Blog

A conversation with Artist-in-Residence, Luis Vasquez La Roche

July 21, 2025 Blog

Luis Vasquez La Roche (he/they) is one of the Visual Arts Center of Richmond’s 2024–2025 Annual Residents. Luis is an interdisciplinary artist whose work delves into performance, sculpture, video, drawing, and most recently, painting. Their work explores aspects of the transatlantic slave trade that continue to repeat themselves in varying ways in the present. Much of Luis’ work is also inspired by conversations with their mother.

Nearing the end of their residency, we caught up with Luis in their studio to learn more about their art practice, their experience here at VisArts, and their recent expansion of their practice into painting.

VisArts: Luis, how would you describe your creative practice?

Luis: I think what’s really at the core of my practice is conversations with my mother.

Back in 2015, I found Trinidad’s registry of enslaved people, and I found our last name: La Roche. According to oral tradition in Trinidad, everybody who has the last name La Roche is related. In the early 1900s, there was a fire in Trinidad that destroyed all the records, so there’s a huge gap.

I’ve been trying to find my way back to that name through other things: through painting, through histories, through stories that I hear from families. You go to very specific places on the island and you’ll hear stories that the grandfathers or the great-great-grandfathers told their kids. All these people who live in this island of Trinidad, we’re all examples of how things like the transatlantic slave trade, or capitalism, or colonization affects people. We’re affected by it generationally. I use the example of my mother and myself as one example of what can be a story of many stories that are kind of replicated in other places.
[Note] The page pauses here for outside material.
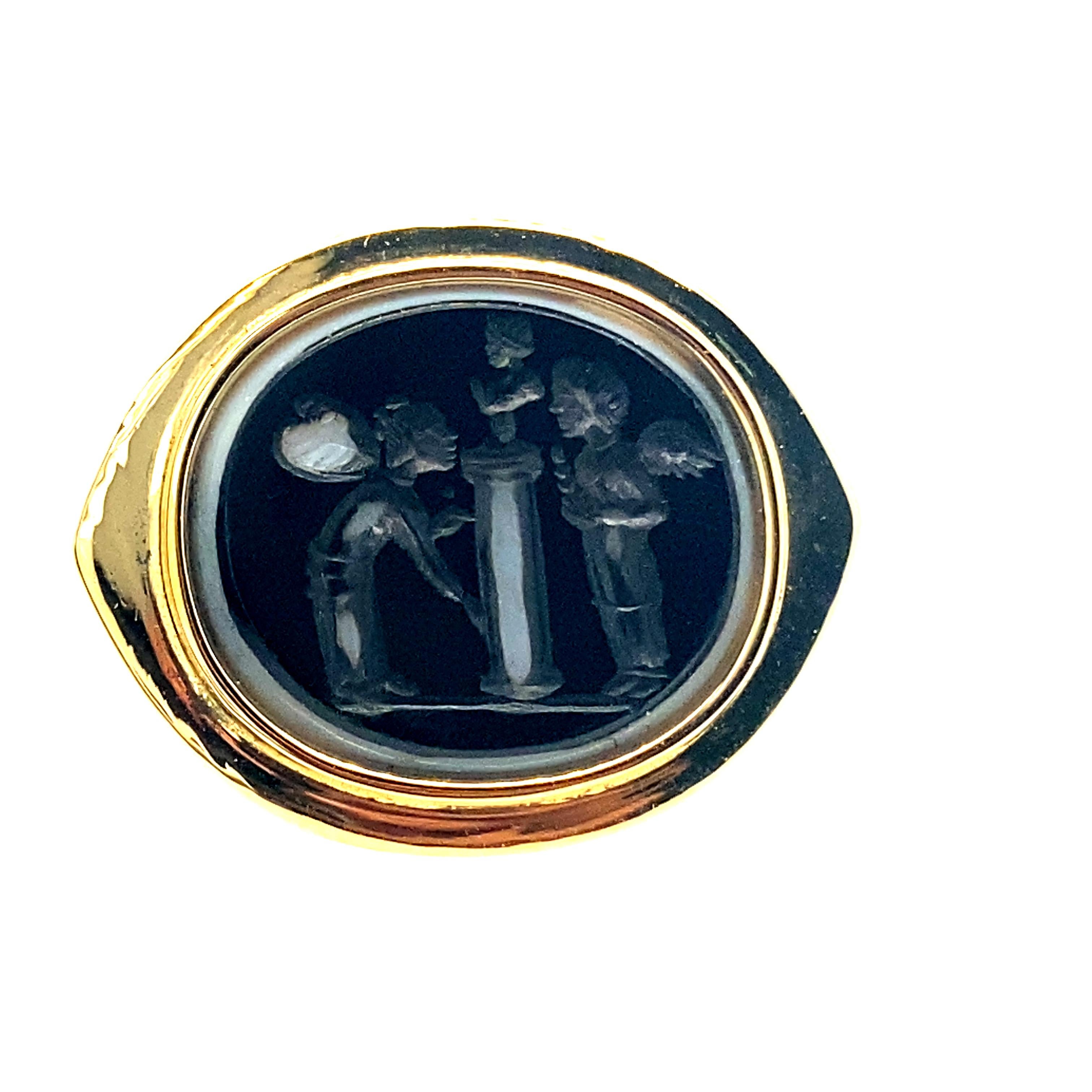 Women's or Men's Castellani Ancient Roman Agate Intaglio Gold Ring For Sale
I also try to do the research through paint and other materials, like cotton or sugar or palm oil, trying to look through history. I’ve been dabbling with any material that’s related to the slave trade.

Tell us more about these materials.

When I initially found that name in the slave registry, I was doing a lot of drawing around that time. I tried to start drawing with palm oil. I was doing a lot of tests, trying to add the word “negro” onto paper, which is the word that we use for Black in Spanish. I was initially trying to use paper to kind of make this word exist in a certain way, but then the paper itself absorbed the palm oil. The text gets bold, then it spreads, and with the passing of time, the palm oil fades and becomes clear. I thought it was really funny since I was trying to make something visible, and then the thing just disappeared into the paper.

One of my professors in graduate school told me, “I think the extra material here is paper. If you take the paper away, what do you what do you have left?”

I was like, “Well, the palm oil.”

He said, “Yeah, figure it out.” [Laughs.]

If you think about art as being this thing that is not made for someone like you, why are you even using paper in the first place? That’s how I enter performance, by removing paper and just exploring the material on its own.

During your residency here at VisArts, your practice seems to have shifted to engage more with drawing and painting. Tell us about this.

My practice has been so impermanent in a way, and I’m interested in things disappearing. We in the Caribbean, we were never treated as real people—especially what’s happening right now in the present.

I feel within the history of painting, obviously at a very specific time, it was all about power, well-known people, their last names. I don’t want these paintings to mimic that for me. In Trinidad, most of the population is Black, and half of the population is from Indian descent. We have this view that art was never meant to be done by people like us. I think it’s interesting to think about photography or painting—something so permanent. What does it look like to create a subject that references the Caribbean? Am I meant to be in a painting?

I’ve never been interested in realism, and I’m not interested in an abstraction either. But I’m interested somewhere in between there, in between that space of fantasy surrealism, because I feel like that’s what the Caribbean feels like. It feels like a surreal, fantastic place that it doesn’t exist in nobody’s reality in a certain way. Sometimes I tap into these fun, colorful, carnivalesque ideas.

“What We Share” on view in the True F. Luck Gallery, May 2025

I used to talk a lot of trash about painting. I hated it. And part of the reason why I disliked painting so much was because most of the paintings of the Caribbean were those tourist scenes, where everybody comes to the Caribbean to kind of like extract from it. It’s taken me a long time to appreciate painting.

I feel that painting for me has an extension into performance, and it has an extension into sculpture and even video. I also like being here at VisArts with so many people that paint. It’s also really beautiful, for example, to meet Davi [Leventhal, former VisArts Studio Access Resident] and every time that I’m here having a hard time, I would just kind of like pop out of my studio and find him to ask questions about painting.

What was something you experienced during your residency that you weren’t necessarily expecting?

These social interactions, the conversations. Also, the wonderful other annual residents, Doah, Evie, and April, and seeing the similarities and the differences between our practices. For example, Evie is also making a lot of cast work. When I saw some of Evie’s sculptures, I was like, “Whoa, this is so surreal, I wish I came up with it!” [Laughs.] I feel like those things for me are always so beautiful—when you’re surrounded by people that make things that blow your mind.